The notorious inaccuracy of watches and clocks much enlivened the disputes over time over the next century. They would have "time balls" that some reliable source -- such as the Naval Observatory -- would have fall and rise exactly at noon. People would stop their doings to stand with watch in hand ready to adjust. Railroads ordered conductors to pick up two watches, check the time against the station clock, and then give one to the engineer This would allow them to check the time in the stations along the tracks. And the trains were using the local time of their biggest city long before they thought to standardize it.
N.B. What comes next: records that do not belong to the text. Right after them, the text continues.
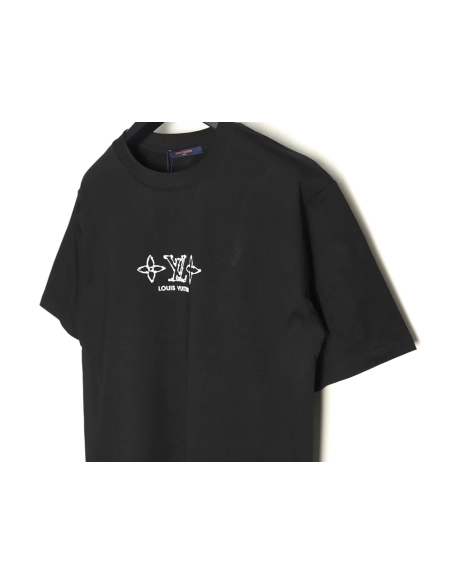 Louis Vuitton fourleaf clover and back logo print shortsleeved Tshirt,cheap Louis Vuitton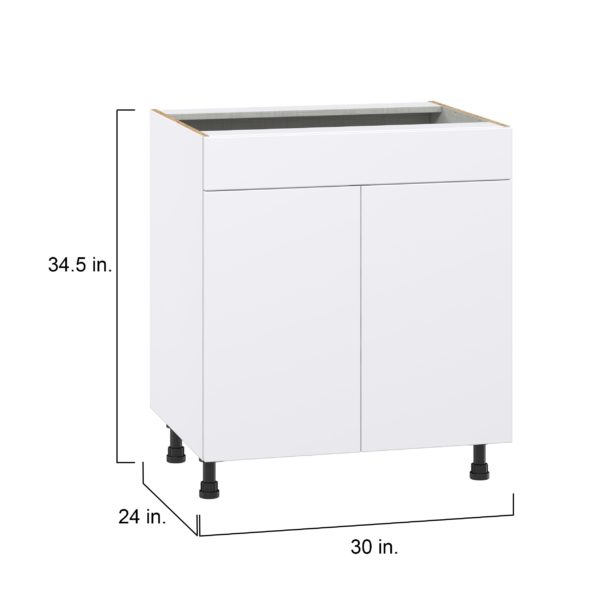 Dahlia Bright White  Shaker Assembled Sink Base Cabinet with 2 Doors and 1 False Front (30 in. W x 34.5 in. H x 24 in. D)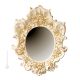 SPECCHIERA CRYSTAL & ROSES Ceramic mirror wall decorative hanging baroque style artistic ceramic with 24k gold details Made in Italy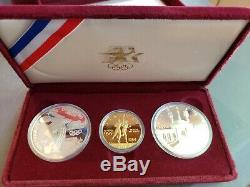 1983 / 1984 US Mint 3 Coin Olympic Silver $10 Gold Uncirculated Set Free Ship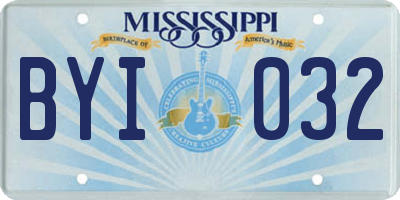 MS license plate BYI032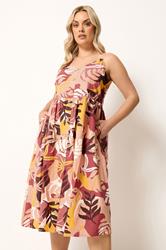 YOURS Plus Size Orange Tropical Print Linen Midi Dress | Yours Clothing 3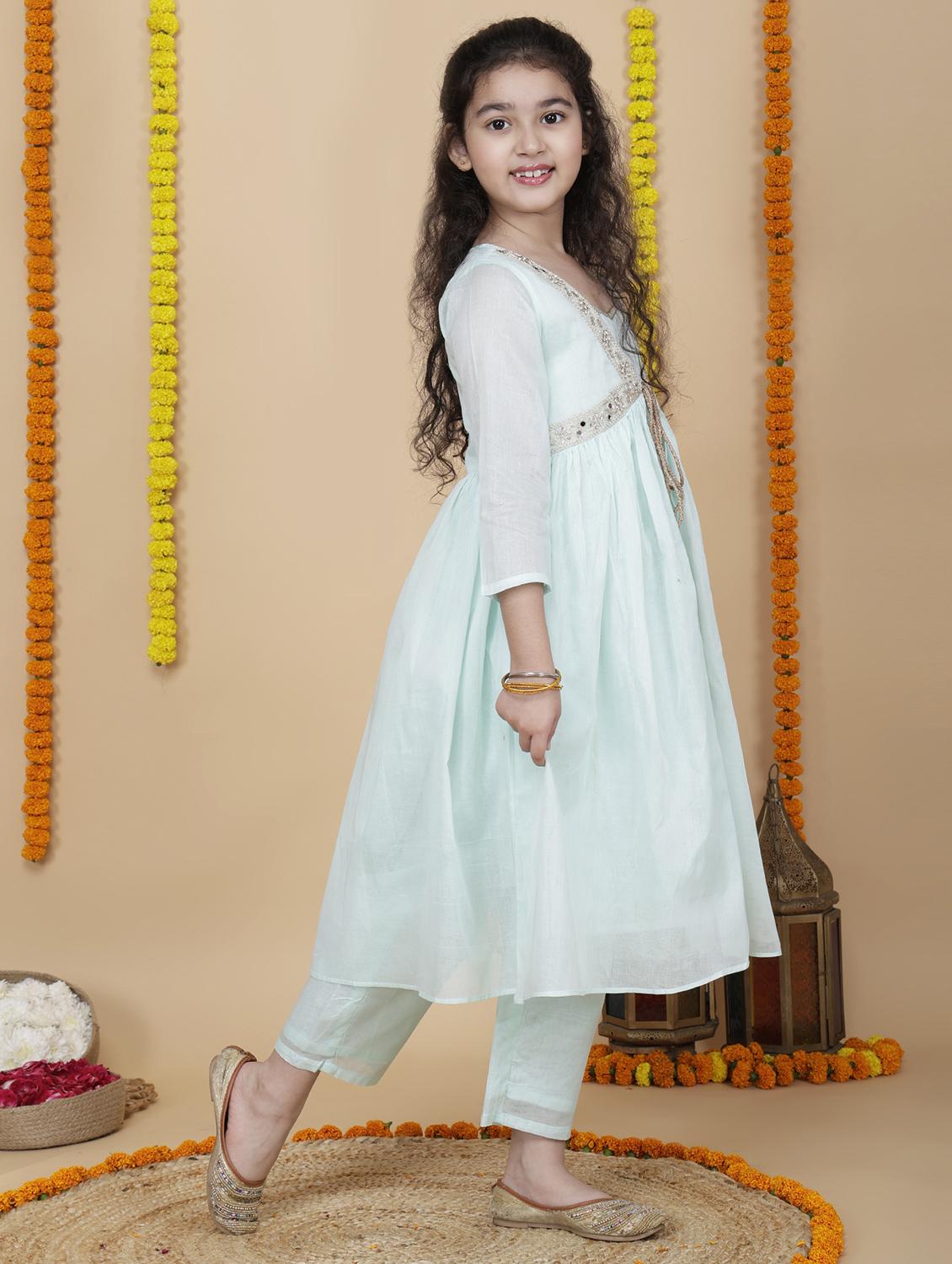 girls sea green embroidered kurta pant set - 21764866 - Standard Image - 2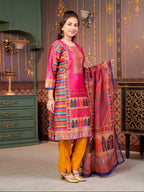Aarika Girls Ethnic Wear Rani-Mustard Colour Abstract Embalished Satin Kurti Pant Set-8-15 Years (Kp-Tr-K-1042)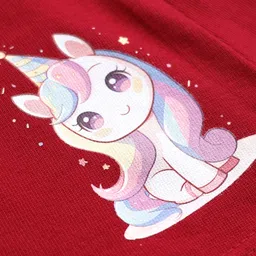 Babyhug Single Jersey Knit Full Sleeves Unicorn Printed Frock With Peter Pan Collar - Red image 4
It wasn't only trains. Weather reports were more difficult when you needed to be able to compare things from one location to another. The trains finally did determine the zones, chiefly because they were afraid the government would step in. And this was greeted with much more furor than it may appear. Courts declared that the trains did not have the power to interfere with times in contracts, which had to go by local time. (There were complaints about standard time zones in Iran in the 1980s.)
Americans were mass-producing watches in time for there to be a "soldier's watch" for the American Civil War -- as good as Swiss ones, and cheaper. Readers would instruct the children on the need for punctuality -- though they could also include a story like one in which a clock jeered at a sundial for being useless without the sun, and the sun came out, to show that the clock was off by over half an hour.
Sears, Roebuck started when Sears found himself with a crate of accidentally delivered watches. He did so well selling them he went into the business of doing so.
Watches almost always were decorated with rural themes.
The furor over daylight savings was part practical -- dew would make some farmwork impractical, and cows did not adjust -- and part a rage at the high-handed "progressive" politics.
The chapter on movies is a little weak. It's interesting to note the transition from continuously displaying films to set start times, but he tries to shoehorn it into his themes awkwardly.
Still intriguing book. And one flaw I see in many historical novels or fantasy works is that they do not realize that the measurement of time has had its limitations on a scale sufficient to mold how people think of time.